## Work instructions
Copy exactly and only the lines running from the one that contains "Sheet pan smoked" to the final line of the data below, without the pictures.

## Data
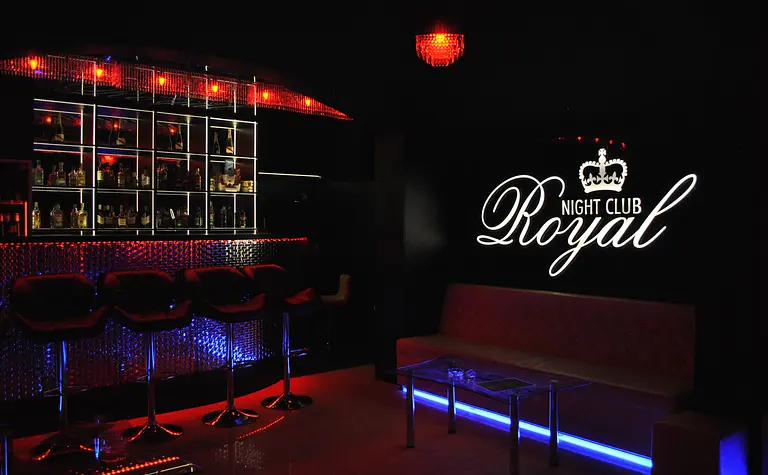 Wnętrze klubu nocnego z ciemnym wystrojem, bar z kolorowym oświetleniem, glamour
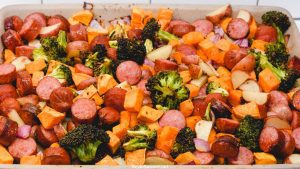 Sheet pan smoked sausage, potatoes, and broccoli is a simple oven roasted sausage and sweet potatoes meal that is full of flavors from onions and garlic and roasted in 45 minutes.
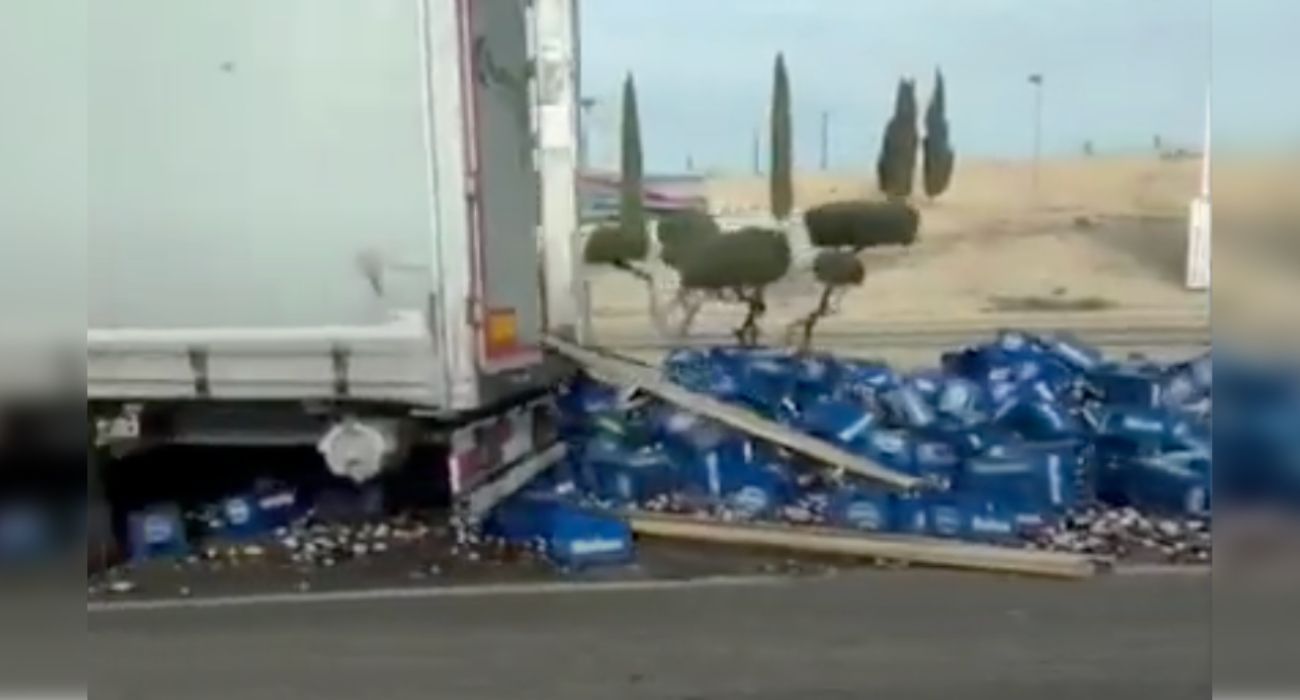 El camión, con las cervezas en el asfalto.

## Answer space
 Sheet pan smoked sausage, potatoes, and broccoli is a simple oven roasted sausage and sweet potatoes meal that is full of flavors from onions and garlic and roasted in 45 minutes.
 El camión, con las cervezas en el asfalto.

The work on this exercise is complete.